Capt. Steve Schultz cringed Thursday as he watched a recruit drive an ambulance over a simulated pedestrian. It was the final leg of the Frederick County training facility’s emergency driver’s course.
“Timmy’s going to the trauma center!” Schultz announced with a laugh as he walked over to pick up the chunk of plywood. He placed the wood back up against the row of orange traffic cones, so the stick figure drawn on one side faced the next recruit in line.
Taking a break from the heavy classroom focus of the last few weeks, the recruits of firefighter class 21 were excited to get behind the wheels of some of the department’s ungainly E-450 ambulances.
At least, they were excited before the lesson began.
“For a lot of these guys, the only experience they’ve ever had is behind the wheel of a Camry or a Honda Accord,” Schultz said with a chuckle. “For them, they’re going to feel like they’re being launched off the deck of an aircraft carrier. They don’t think about the different dimensions of the vehicle, the size and the added weight.”
As recruits complete the academy’s basic Emergency Vehicle Operator’s Course, the goal is to have them more comfortable with the ambulances, said Lt. Bob McCaa, one of the academy’s instructors.

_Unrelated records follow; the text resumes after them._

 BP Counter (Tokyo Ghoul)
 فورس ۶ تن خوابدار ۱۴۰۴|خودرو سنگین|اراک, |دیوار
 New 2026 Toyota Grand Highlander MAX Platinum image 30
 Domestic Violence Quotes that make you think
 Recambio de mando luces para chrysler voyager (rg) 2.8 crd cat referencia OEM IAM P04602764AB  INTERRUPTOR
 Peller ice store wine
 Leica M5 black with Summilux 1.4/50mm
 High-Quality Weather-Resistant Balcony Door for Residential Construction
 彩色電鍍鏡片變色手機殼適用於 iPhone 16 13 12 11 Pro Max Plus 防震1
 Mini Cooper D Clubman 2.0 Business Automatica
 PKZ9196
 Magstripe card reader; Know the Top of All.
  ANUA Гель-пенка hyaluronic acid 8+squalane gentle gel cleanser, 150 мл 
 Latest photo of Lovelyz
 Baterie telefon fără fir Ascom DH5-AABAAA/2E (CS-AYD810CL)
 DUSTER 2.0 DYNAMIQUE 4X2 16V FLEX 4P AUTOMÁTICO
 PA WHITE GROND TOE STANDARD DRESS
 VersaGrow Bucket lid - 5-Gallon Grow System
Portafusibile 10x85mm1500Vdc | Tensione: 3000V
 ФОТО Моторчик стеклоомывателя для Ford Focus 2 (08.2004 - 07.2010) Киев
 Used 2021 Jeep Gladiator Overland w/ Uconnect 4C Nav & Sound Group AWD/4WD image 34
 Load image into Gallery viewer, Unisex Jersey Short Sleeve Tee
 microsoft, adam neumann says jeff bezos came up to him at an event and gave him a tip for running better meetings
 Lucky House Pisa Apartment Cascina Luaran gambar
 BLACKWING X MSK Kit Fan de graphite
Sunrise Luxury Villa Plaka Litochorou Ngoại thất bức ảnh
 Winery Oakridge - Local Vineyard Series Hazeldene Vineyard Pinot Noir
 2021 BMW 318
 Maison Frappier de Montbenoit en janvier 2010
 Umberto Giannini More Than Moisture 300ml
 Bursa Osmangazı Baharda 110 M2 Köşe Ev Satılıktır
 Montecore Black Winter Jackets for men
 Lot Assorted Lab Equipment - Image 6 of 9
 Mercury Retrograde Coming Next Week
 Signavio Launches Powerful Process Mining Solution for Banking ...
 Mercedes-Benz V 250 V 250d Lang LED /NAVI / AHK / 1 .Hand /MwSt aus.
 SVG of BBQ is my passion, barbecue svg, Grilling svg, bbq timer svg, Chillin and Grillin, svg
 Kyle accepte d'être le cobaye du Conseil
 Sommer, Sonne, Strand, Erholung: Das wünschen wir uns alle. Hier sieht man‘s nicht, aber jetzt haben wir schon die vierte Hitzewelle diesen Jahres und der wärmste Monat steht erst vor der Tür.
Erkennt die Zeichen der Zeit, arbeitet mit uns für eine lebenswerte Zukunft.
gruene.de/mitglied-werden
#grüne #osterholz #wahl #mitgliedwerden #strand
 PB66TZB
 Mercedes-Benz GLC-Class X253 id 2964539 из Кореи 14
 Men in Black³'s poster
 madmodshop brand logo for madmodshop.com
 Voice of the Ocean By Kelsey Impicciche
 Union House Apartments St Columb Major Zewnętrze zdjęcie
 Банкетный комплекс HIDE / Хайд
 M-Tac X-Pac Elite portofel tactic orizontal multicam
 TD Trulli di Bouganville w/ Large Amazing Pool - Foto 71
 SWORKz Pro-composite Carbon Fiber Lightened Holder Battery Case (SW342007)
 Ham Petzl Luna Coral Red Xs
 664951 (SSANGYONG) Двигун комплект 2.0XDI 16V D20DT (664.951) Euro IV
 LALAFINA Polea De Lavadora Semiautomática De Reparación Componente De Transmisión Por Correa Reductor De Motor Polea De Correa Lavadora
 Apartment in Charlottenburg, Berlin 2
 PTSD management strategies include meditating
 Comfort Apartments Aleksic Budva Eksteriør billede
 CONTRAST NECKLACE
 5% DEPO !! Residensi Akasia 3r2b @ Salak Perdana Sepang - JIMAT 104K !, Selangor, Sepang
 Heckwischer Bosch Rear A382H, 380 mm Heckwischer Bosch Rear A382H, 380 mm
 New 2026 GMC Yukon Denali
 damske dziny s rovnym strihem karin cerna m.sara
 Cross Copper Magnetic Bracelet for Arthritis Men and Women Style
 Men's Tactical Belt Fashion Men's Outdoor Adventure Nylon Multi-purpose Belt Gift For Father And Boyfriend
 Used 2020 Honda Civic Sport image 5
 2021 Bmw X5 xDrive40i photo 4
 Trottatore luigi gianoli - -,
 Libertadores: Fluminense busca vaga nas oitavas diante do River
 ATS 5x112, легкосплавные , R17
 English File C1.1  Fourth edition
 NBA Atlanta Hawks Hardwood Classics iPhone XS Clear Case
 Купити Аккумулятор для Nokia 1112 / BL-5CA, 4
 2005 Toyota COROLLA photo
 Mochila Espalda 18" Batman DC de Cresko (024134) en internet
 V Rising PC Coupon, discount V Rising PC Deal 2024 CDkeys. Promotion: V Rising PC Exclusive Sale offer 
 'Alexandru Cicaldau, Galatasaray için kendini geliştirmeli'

Recruits who wish to go on to drive the larger, specialty fire vehicles used by the division can pursue separate certifications for those specific vehicles after graduating from the academy, McCaa said.
A commercial driver’s license and even, depending on the type of vehicle, a class A license and a technician’s rank might be required to drive some specialty vehicles, such as tiller trucks, he said.
“But that’s not a requirement for employment,” McCaa said. “There are individuals who have been employed here for 15 or 20 years who don’t have a commercial driver’s license, who don’t drive the fire apparatus.
“The recruits get experience driving ambulances here at the academy because, during their probationary period after graduating, that is one of the requirements for their employment,” McCaa said.
During their yearlong probationary period, new firefighters must complete five emergency and 10 nonemergency responses as ambulance drivers, said Capt. Lenne Stolberg, the commander in charge of the training academy for the Frederick County Division of Fire and Rescue Services.
Probationary firefighters will be directly observed on these runs by their field training officers, who will judge their performance before letting them drive the ambulances on their own.
“If we notice any discrepancies within those five [emergency responses], then we’ll hold them and extend that probationary period in order for them to get some more experience,” Stolberg said.
“We demand more from them here probably than they would get somewhere else,” he said. “Because these cones here, they represent a pedestrian, or someone’s parked car, someone’s mailbox. So we don’t want them to have any problems coming out of here.”
Prior to last week, Michael Semelsberger’s driving experience was limited mostly to getting around in his own vehicle.
With that in mind, the recruit was all ears when Battalion Chief David Barnes walked up to give him a rundown of the second phase of the driving course. For that, recruits were tasked with weaving in and out of a line of cones, first moving forward, then driving backwards.
“If you lose sight of a barrel, and have no idea where it is, what should you do?” Barnes asked.
“Stop and readjust,” Semelsberger replied, his eyes flicking ahead to the line of barrels.
After a solid start, the recruit accidentally took one of the early turns on the reverse side of the course a bit too wide, throwing off his turn radius for the remainder of the run and quickly drawing Barnes’ attention.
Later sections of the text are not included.